En journée, c’est l’usage abusif des klaxons qui agace les usagers. Certains moto-taximen ont installé le klaxon des camions sur leurs engins. « Au niveau des carrefours et des hôpitaux, on a l’impression que ces conducteurs perdent complètement le contrôle. Ils klaxonnent à un rythme infernal mettant à mal les malades alités. Je suis une victime vivante. Ce n’est pas normal. Il me semble que l’usage de cet outil est règlementé. Les malades qui sont internés dans les hôpitaux construits en bordure de route ruminent leur douleur au quotidien. Il est interdit de klaxonner devant les hôpitaux. Mais chez nous, cette norme est toisée au quotidien », confie André Blaise Onana, la soixantaine bien sonnée. Et d’ajouter : « Observez bien en ville. Vous êtes dans un taxi.

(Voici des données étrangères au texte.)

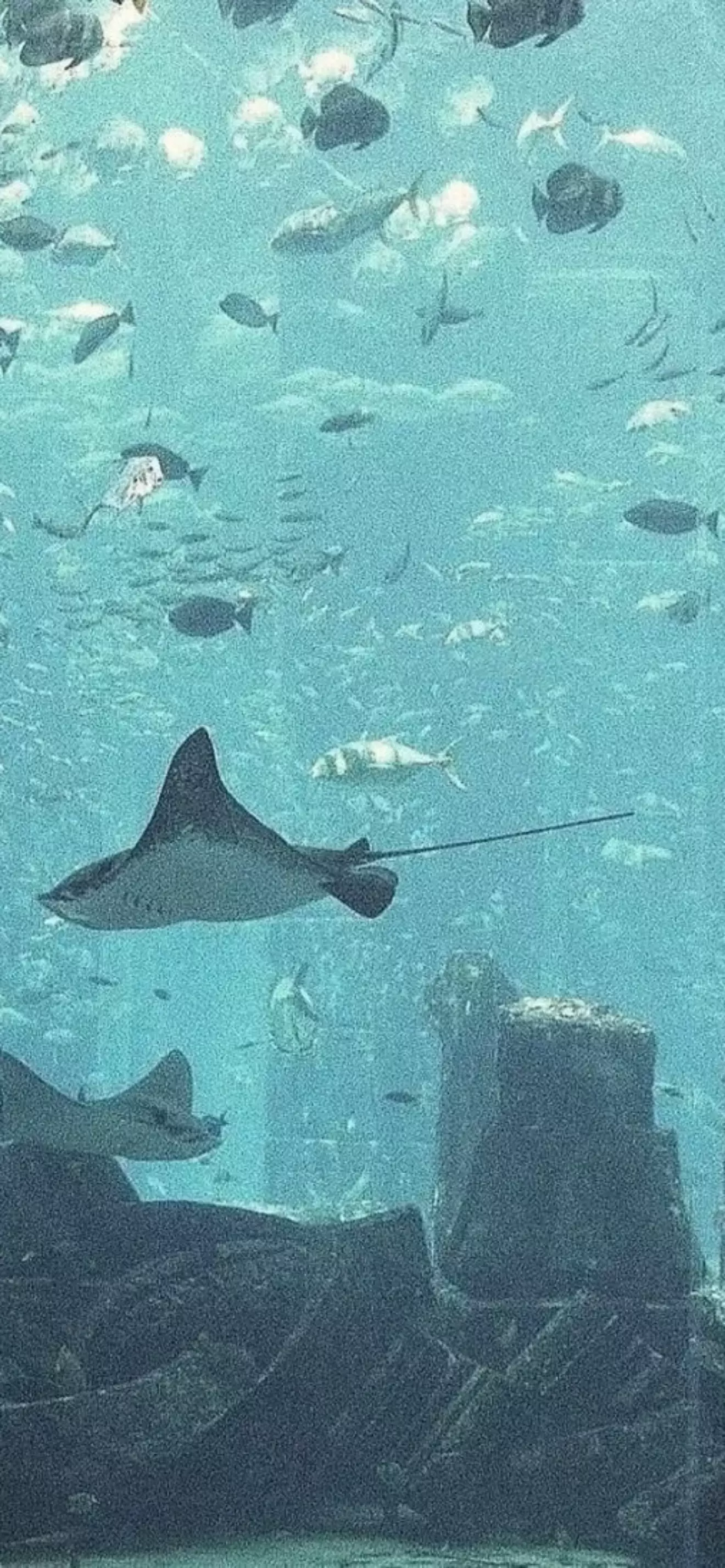 Pu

Derrière vous, un taximan klaxonne à fond ; même quand il y a embouteillage. Vous sortez de là avec des migraines et des palpitations à la limite. C’est inadmissible car cela met nos oreilles à rude épreuve au quotidien ». Une brutalité d’un autre genre. Personne n’est à l’abri. Même les élèves dans une auto-école vers Emana en paient le prix fort. « Nous faisons cours ici à partir de 8H. Parfois, c’est désagréable parce que les moto-taximen et les taximen utilisent abusivement le klaxon. Les camionneurs alors peuvent créer des accidents facilement avec les leurs, car le son est très fort », souligne Marie Gisèle.
La prolifération des bars, parfois en violation de la règlementation en vigueur, est pointée du doigt comme l’une des raisons de ces nuisances : « Regardez les quartiers comme Essos, Nkolndongo, Etoa-Meki. Vous verrez que la réglementation n’est pas respectée pour ce qui est de l’ouverture des débits de boisson. Chacun se lève un matin, ouvre son snack-bar sans se demander s’il est en règle ou pas. La distance requise n’est pas respectée. Très souvent, certains misent sur un matériel audio lourd pour aguicher la clientèle. Dans des coins pareils, si vous avez 4 bars animés, ça devient du brouhaha assourdissant. C’est ce que nous vivons », se désole Franck Djuiche, enseignant. Les tenants de ces lieux de commerce ne prennent aucune disposition pour limiter la portée sonore. « S’ils avaient même les moyens d’augmenter les zones de propagation, ils le feraient », glisse Armand, vendeur à la criée. Il ajoute : « Vous avez les cars podium qui nous fatiguent au quotidien dans la ville. Tantôt ce sont les entreprises de pari sportif, tantôt les ambulances parfois vides ou la campagne promotionnelle des articles. Nous sommes noyés dans les bruits dévastateurs chaque jour à Yaoundé. Quand il fait alors soleil, vous pouvez piquer une crise. On souffre. Les autorités ne font rien. La loi est violée sous leurs yeux. Parfois, ils sont derrière certaines activités de nuisances sonores ».
La problématique de la nuisance ou pollution sonore est préoccupante dans la capitale politique. Des familles victimes de ces maux préfèrent avaler leurs nombreuses plaintes question de préserver la cohésion sociale. Selon le sociologue Thaddée Xavier Owona Bidi, la recrudescence des bruits et même la montée en intensité de ceux-ci sont potentiellement liées au phénomène de mutation du lien social urbain. « En effet, les mutations urbaines s’accompagnent par une forme de normalisation du bruit, désormais considéré comme un ‘’son social’’. Ce bruit est concomitamment source et enjeu de coordination urbaine, tout en étant un facteur de conflictualité sociale ». Pour lui, le bruit participe à la définition des ambiances urbaines et son intensification, tout comme sa montée en puissance dans nos grandes villes aujourd’hui sont indissociables de la mutation urbaine actuelle.